In any good relational database management system, transactions adhere to a set of strict rules or properties abbreviated as ACID:
Guarantees that either all operations in the transaction succeed or they all fail. This prevents partial updates that could leave a database in a questionable or incomplete state. For instance, imagine your database transaction was a financial transaction that transferred money from one account to another. That would consist of two operations: a deduction from account
A and a deposit into account
B. This is an obvious example where we want both operations to succeed or both to fail. If only one operation was successful we would either be destroying money or inventing new money from nothing (something apparently only the federal reserve is allowed to do).
Is similar to atomicity but has more to do with referential integrity. This is where constraints come into play, such as a primary key. If you have an ID column used to track rows based on a unique identifier, you wouldn’t want to allow multiple rows to have the same value for ID; if there were the database would be in an inconsistent state. A transaction that preserves consistency ensures that the database is in a consistent state when the transaction begins and when the transaction ends.
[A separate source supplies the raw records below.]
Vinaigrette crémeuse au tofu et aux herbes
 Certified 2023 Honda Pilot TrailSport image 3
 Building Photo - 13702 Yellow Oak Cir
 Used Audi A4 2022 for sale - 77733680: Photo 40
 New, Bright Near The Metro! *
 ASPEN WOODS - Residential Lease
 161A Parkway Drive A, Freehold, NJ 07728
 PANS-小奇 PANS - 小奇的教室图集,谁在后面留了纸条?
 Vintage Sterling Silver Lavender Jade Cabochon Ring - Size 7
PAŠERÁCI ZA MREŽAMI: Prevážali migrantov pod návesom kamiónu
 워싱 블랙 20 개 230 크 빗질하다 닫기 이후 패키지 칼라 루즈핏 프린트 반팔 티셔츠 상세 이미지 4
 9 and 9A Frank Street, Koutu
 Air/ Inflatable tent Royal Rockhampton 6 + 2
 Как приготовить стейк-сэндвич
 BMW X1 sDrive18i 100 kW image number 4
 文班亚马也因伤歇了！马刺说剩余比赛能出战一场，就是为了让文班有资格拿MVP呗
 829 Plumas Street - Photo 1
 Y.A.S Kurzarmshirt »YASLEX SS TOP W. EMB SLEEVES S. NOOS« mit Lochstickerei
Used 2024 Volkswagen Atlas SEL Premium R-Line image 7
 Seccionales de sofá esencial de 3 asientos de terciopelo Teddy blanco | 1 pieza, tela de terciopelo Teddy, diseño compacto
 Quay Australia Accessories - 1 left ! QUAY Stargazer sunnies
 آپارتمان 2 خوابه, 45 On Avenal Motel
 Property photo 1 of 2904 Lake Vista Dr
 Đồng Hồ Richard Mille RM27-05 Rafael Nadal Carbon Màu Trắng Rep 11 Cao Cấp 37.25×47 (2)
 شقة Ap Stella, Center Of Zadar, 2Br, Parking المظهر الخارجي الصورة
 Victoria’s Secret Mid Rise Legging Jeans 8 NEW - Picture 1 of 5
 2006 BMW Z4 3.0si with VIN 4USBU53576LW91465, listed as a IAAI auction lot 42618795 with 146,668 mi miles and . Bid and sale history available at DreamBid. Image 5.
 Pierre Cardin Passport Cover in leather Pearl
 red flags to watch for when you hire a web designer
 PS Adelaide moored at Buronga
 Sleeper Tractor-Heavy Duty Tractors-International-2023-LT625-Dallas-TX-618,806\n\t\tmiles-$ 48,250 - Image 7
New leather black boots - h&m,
This protects transactions from the effects of other transactions via mechanisms like locks and row versioning. Database management systems typically employ different levels of isolation. For instance, in Microsoft SQL Server, the
READ UNCOMMITTED isolation level allows transactions to read data that other transactions are modifying, while the stricter
SERIALIZABLE isolation level will lock ranges of rows or entire tables to prevent the reading of data until the transaction modifying data completes and commits.
A transaction is considered durable when it commits and stays committed. This is accomplished by flushing the data to a stable/nonvolatile media (think disk vs in-memory) although as storage mediums continue to advance and innovate, the implementation may change. The important thing is that the work is saved and is not prone to being lost or rolled back without intervention.
Microsoft SQL Server, Oracle, MySQL, and PostgreSQL are some of the most popular database systems which follow ACID properties by default.